Problem with Course 2 Week 3 Assignment

Hello! I have a question about Exercise 6 on the Course 2 of Week 3. It would be great if you can share some knowledge with me, it will be much appreciated:

I used this line of code but it only yielded similar results:
total_loss = tf.reduce_sum(tf.keras.losses.categorical_crossentropy(labels,logits))

It resulted in the following:
AssertionError: Test does not match. Did you get the reduce sum of your loss functions?

I guess that I’m unfamiliar with the usage of tf.keras.losses.categorical_crossentropy( ), please give me a hint!

Thank you.

Here are a few things to look for when it comes to categorical_crossentropy:

  1. from_logits flag.
  2. Shape of y_pred and y_true. Both of them should be of shape (num examples, num classes)
1 Like

Here’s a thread that goes into more detail about the from_logits parameter and what that means.

1 Like

Thank you giving the time for replying, much appreciated! But I still haven’t solved the problem:

  1. Should I set it to True? From the document it has been shown that the default is False (post activation), therefore I assume I should set to False.
    2… I have checked the shapes, I have 6 classes and 2 examples, therefore it should be (2, 6) , yet it yielded the wrong result. ( I set the from_logits = False)

Thank you again!

Thank you for reading my message! It is highly appreciaed!

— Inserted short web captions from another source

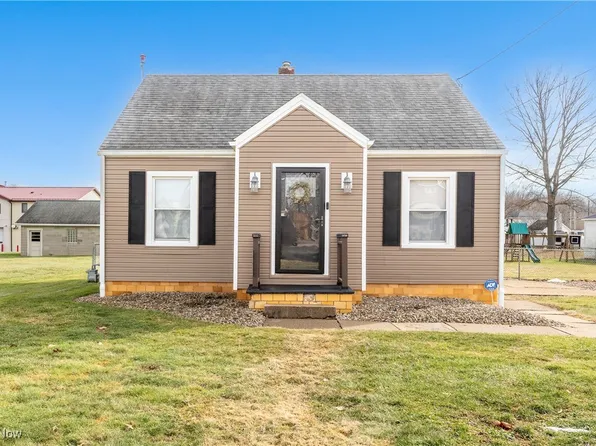 9332 Chestnut Ave SE, East Sparta, OH 44626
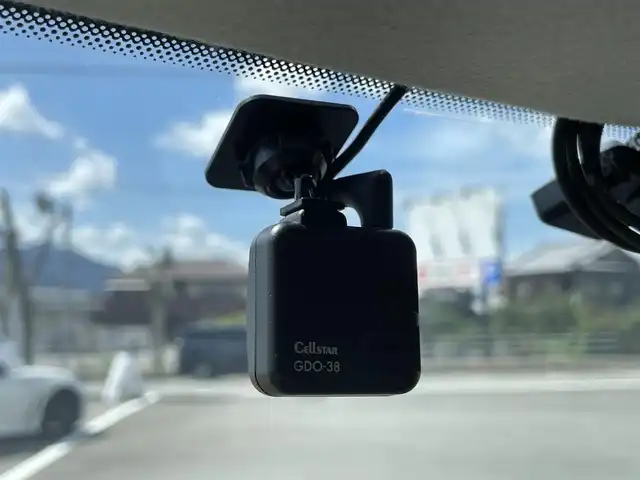 スズキ スイフト スポーツ 愛媛県 2017(平29)年 6.8万km チャンピオンイエロー 純正ナビ（Bluetooth/フルセグTV/DVD再生）/ETC/バックカメラ/クルーズコントロール/iPod接続/前後ドラレコ/シートヒーター/LEDヘッドライト/フォグランプ/スペアキー/ABS/横滑り防止装置/エンケイ17インチアルミホイール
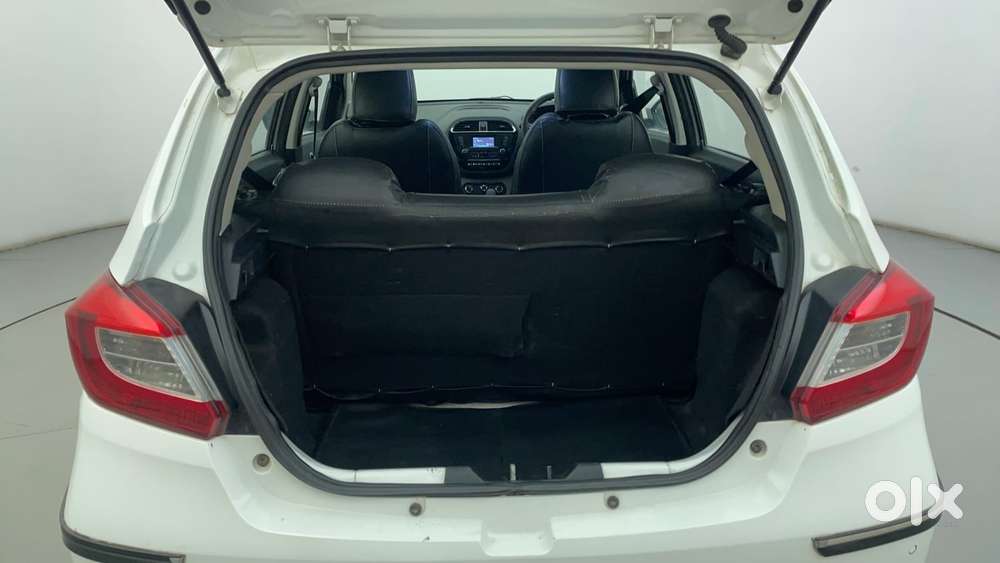 Tata Tiago Xza, 2018, Petrol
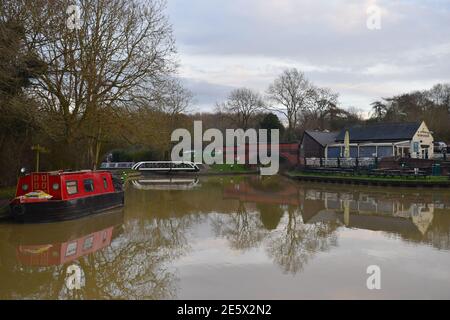 Le chiuse di Foxton sul Grand Union Canal vicino a Market Harborough. In una giornata impegnativa pochi custodi della serratura aiutano i boaters a fare la loro strada attraverso una scala di serrature. Foto Stock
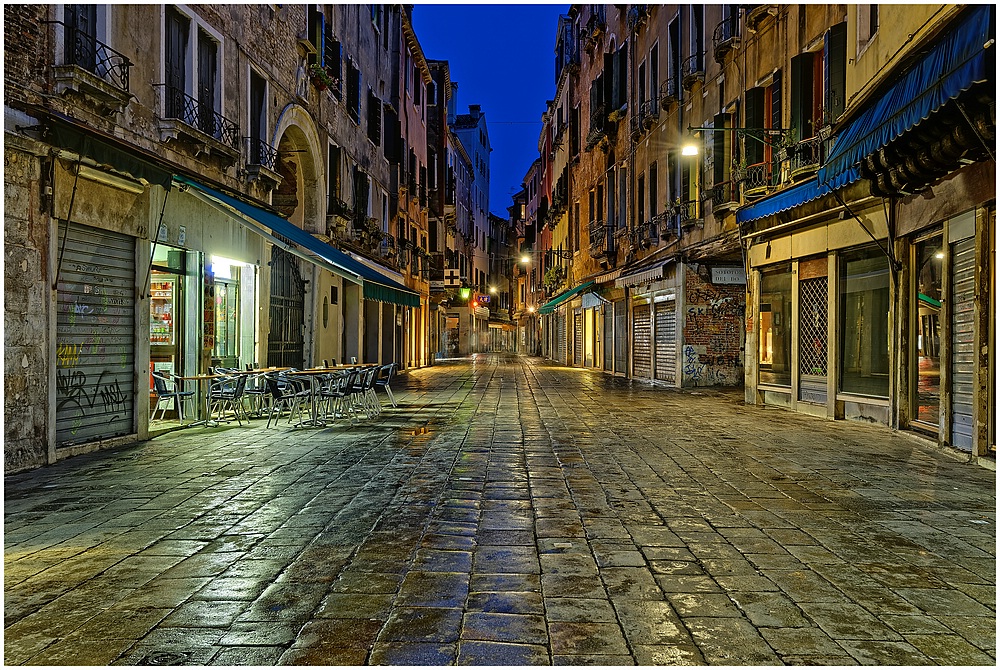 Gasse in Venedig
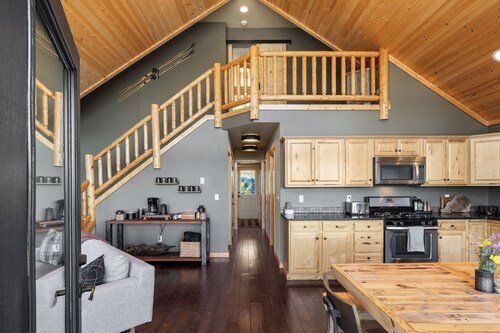 Secluded 4-bedroom Cabin Retreat with Game Room, AC, Hot Tub and Amazing View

Update: I have set the parameter to True and it passed, yet I still don’t get the idea, Can you help me understand it more intuitively?

Notice that there is no activation function on the output layer for our forward propagation logic here. So the output is “logits”, meaning linear outputs, not activation outputs. That is why you need “True” as the value of from_logits to tell the cost function it is getting logits and needs to internally apply the activation function.

The other thread that I linked earlier also talks about this in some detail and explains the mathematical reasons why it is better to do it this way.

Just chiming in here, but I think it’s worth noting that just because the default value for an argument is false does not mean that false is the correct answer. Reading the documentation to learn what it means for that argument to be either true or false is cruicial.